Is Private Credit Really in a Bubble or Thailand’s Next Big Opportunity

Private credit has rapidly expanded into a US$2.3-trillion global industry, raising questions about whether this growth represents genuine financial strength or early signs of a bubble. At the same time, interest in private credit in Thailand has increased significantly as companies search for new ways to access capital while traditional funding channels become increasingly restrictive.

Although it may appear relatively new to some market participants, private credit has been part of global financing for decades. At its core, private credit refers to lending provided by investment funds rather than banks. These lenders negotiate flexible structures, stronger protections and closer monitoring of borrowers compared with traditional bank loans or public bonds.

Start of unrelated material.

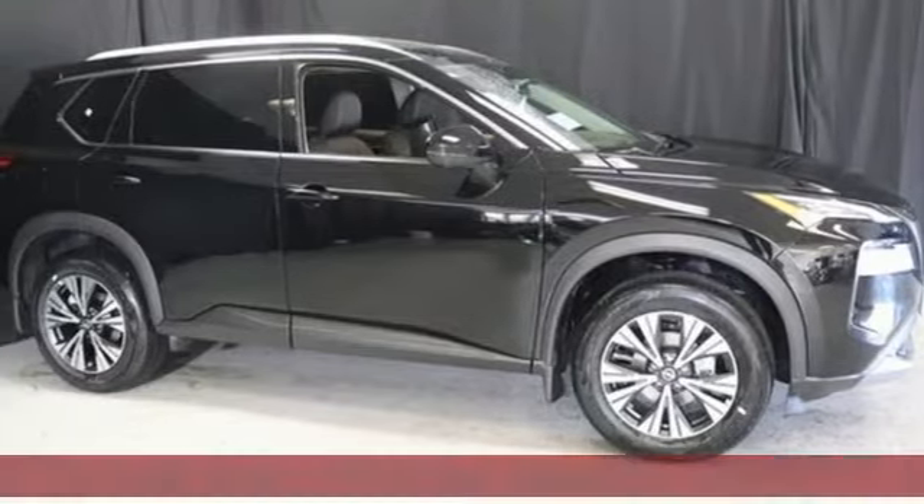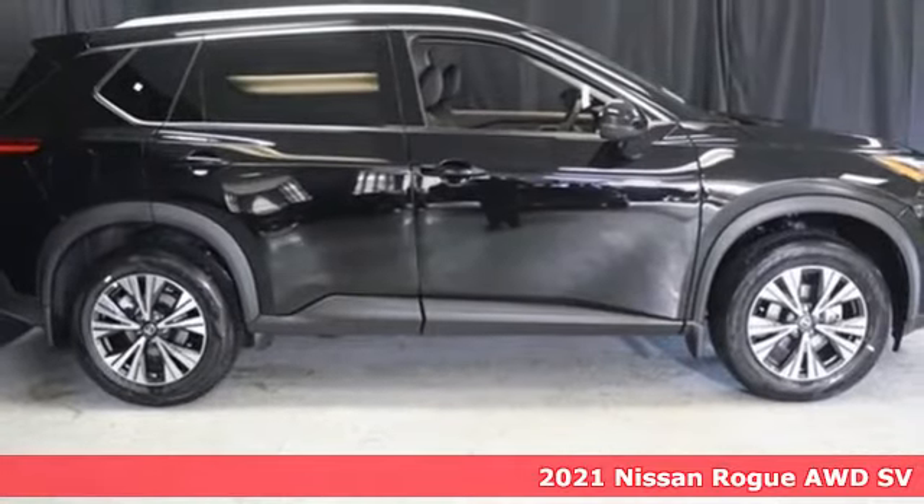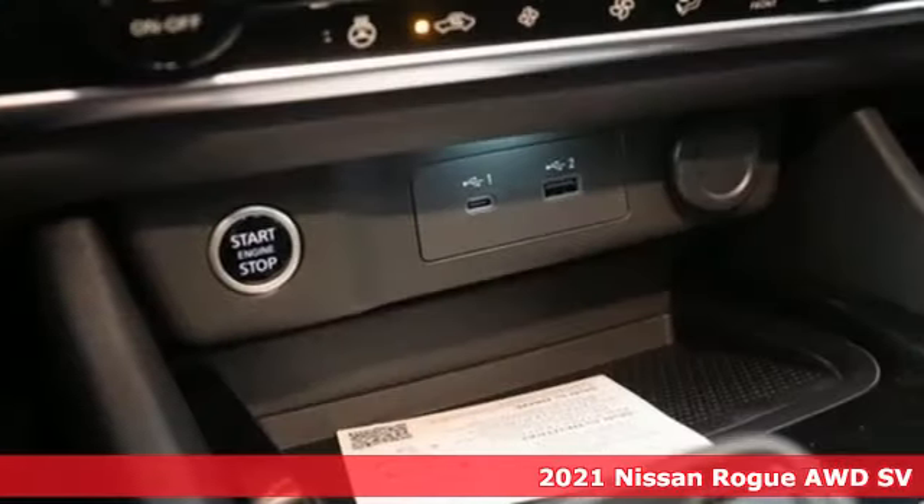It's a new 2021 Nissan Rogue. Long, tall, or wide, there's plenty of cargo and passenger space inside this sharp-looking crossover.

The asset class accelerated after the 2008 global financial crisis, when new regulations forced banks to reduce certain types of lending, especially to mid-market companies. During the Covid-19 pandemic, companies urgently needed liquidity while banks again became more cautious.

In both periods, private credit stepped in to fill the funding gap and gradually became a major component of the global financial system.

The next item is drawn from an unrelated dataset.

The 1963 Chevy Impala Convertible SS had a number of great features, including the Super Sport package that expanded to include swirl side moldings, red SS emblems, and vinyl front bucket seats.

Today, with private-credit assets reaching $2.3 trillion, investors naturally ask: Is the market overheating?

Concerns intensified after the failures of two companies — Tricolor and First Brands — in the US. Jamie Dimon, the chief executive of JPMorgan, remarked: “If you see one cockroach, there are usually more.” This sparked fears of broader issues. However, deeper analysis shows these failures were company-specific problems, not systemic weaknesses in the private credit model:

  • First Brands Group, an auto parts maker, held $9-10 billion in debt, mostly tied to syndicated loans, not private credit facilities.
  • Tricolor, a specialist in lending to high-risk borrowers, failed due to alleged double-pledged collateral and inaccurate loan-tape reporting.

These incidents do not reflect the structure or discipline of mainstream private credit. In fact, private credit is known for tight covenants, strong collateral backing and active monitoring — characteristics also present in private credit in Thailand. These isolated failures should not be interpreted as systemic warning signs.

A SHIFT, NOT A BUBBLE

The global growth of private credit over the past decade reflects a structural shift in corporate financing rather than a short-term bubble. From 2014 to 2024, global private credit assets under management increased from $529 billion to $2.3 trillion, representing a compound annual growth rate of nearly 15%, significantly higher than the 6-7% growth for traditional asset management businesses.

Private credit has also delivered attractive performance, offering 8-12% annual returns and default rates near 2%, resulting in strong risk-adjusted outcomes.

Large global private credit platforms now manage hundreds of billions of dollars across corporate, real estate and infrastructure credit, demonstrating long-term institutional confidence. These global trends support the view that private credit in Thailand is part of a broader, sustainable financing evolution.

While the US and Europe debate whether private credit is overheating, Thailand remains in the early stages of its private credit development. The Thai market is growing not because of risky behaviour or excessive liquidity, but because traditional financing channels are tightening.

Historically, Thai companies relied heavily on bank loans and corporate bonds. Today both channels face meaningful constraints. Banks are dealing with rising non-performing loans, stricter capital requirements and slower approval processes. Meanwhile, the bond market has contracted noticeably.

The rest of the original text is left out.